April 11, 2014 4:45 PM | John Polson
"Everyone else is doing immersion wrong," says Please Don't, Spacedog! developer G.P. Lackey of KO-OP Mode. His team's game uses an Oculus and MIDI controller combination to confront players with unfamiliar territoy, and it was in large part what made their exhibit the talk of the town at last month's alt.ctrl.GDC.
Please Don't, Spacedog! is a short game about trying to prevent a space ship from going horribly off course, due to your dog co-pilot messing with just about everything. In this virtual ship setting, immersion and embodiment made more sense to KO-OP Mode than shoehorning standard controls. To help players, the ship and control pad in-game give several visual clues as to how to solve each issue to advance.

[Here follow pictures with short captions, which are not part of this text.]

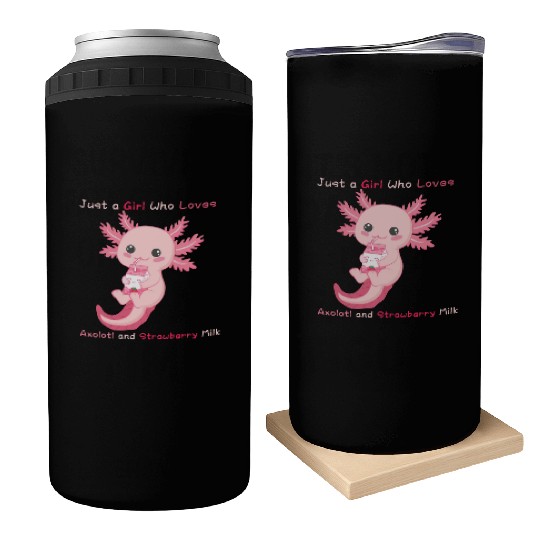 Just a Girl Who Loves Axolotl and Strawberry Milk Can Coolers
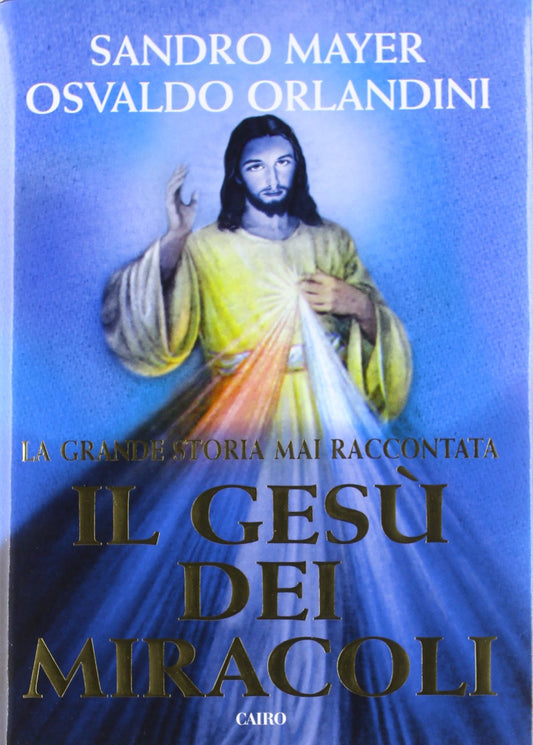 Libro - Il Gesù dei miracoli - Mayer, Sandro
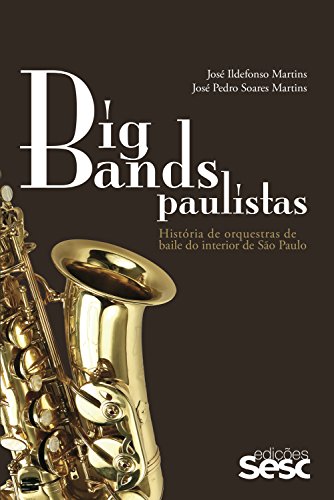 Capa do livro: Big bands paulistas: História das orquestras de baile do interior de São Paulo - Ler Online pdf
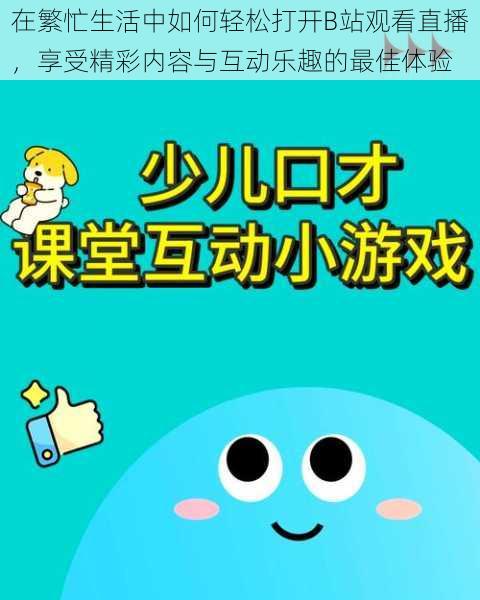 在繁忙生活中如何轻松打开B站观看直播,享受精彩内容与互动乐趣的最佳体验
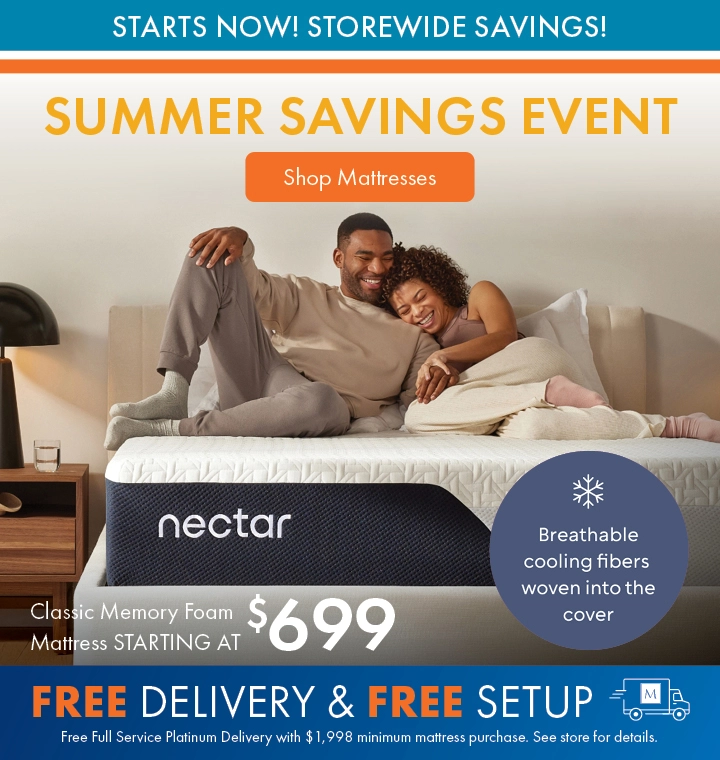 Summer Savings Event at Morris Home and Ashley—Nectar Mattresses starting at $699 plus Free Delivery and Free Setup. Shop all mattresses on sale.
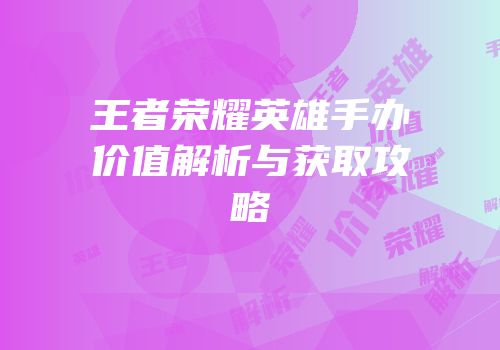 王者荣耀英雄手办价值解析与获取攻略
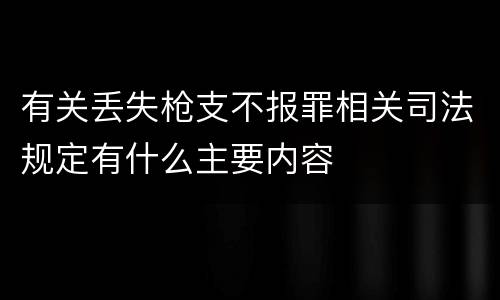 有关丢失枪支不报罪相关司法规定有什么主要内容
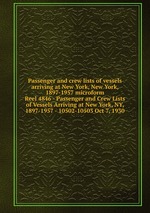 Passenger and crew lists of vessels arriving at New York, New York, 1897-1957 microform. Reel 4846 - Passenger and Crew Lists of Vessels Arriving at New York, NY, 1897-1957 - 10502-10503 Oct 7, 1930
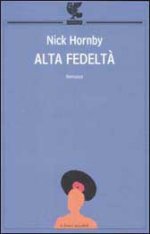 Alta fedelta nick hornby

G.P. Lackey, Bronson Zgeb, and Saleem Dabbous discuss how they created their exhibition-only Oculus VR + AKAI-LPD8 MIDI controller combo, which debuted at alt.ctrl.GDC last month, and why using a foreign device is "super important."
Can you discuss how and why you selected the controller?
B(ronson): Part of the reason we selected that controller was because I already owned it, but actually I own several midi controllers so I'll tell you why I picked this one over the others. I picked this one because it has a very simple, barebones layout. We didn't actually iterate on other possible controllers.
GP: I just remember I was really stuck on this idea of seeing what it would feel like if you sat down in a chair with some weird control panel in front of you, and it was recreated in the game relatively accurately. The MIDI controller was a great fit.
S(aleem): yeah the simplicity of this MIDI controller struck the perfect balance between being unfamiliar to players, but easy enough to feel your way around.
B: Since part of the experiment was to force players to interact with a controller without being able to see their hands, we needed it to be quite simple to orient yourself on. Another reason is that this controller looks like how I might imagine a spaceship console, the only thing that's missing in that regard is some sliders.
GP: I thought it would be great to custom build a spaceship control console but that's a lot of work and pretty unnecessary.
B: The MIDI controller is actually a drum / sampler pad, that is, its intended use it to trigger drum, or other various samples, not to pilot spaceships. The first exhibition was at alt.ctrl.GDC! (Although it was supposed to be at the Bizarro Controller portion of Concordia's Arcade 11 but we ended up showcasing other games of ours instead. )
Oculus on its own now doesn't allow players to see their hands moving through a virtual space. Is this partially why you went your route of putting in a foreign device in your VR world?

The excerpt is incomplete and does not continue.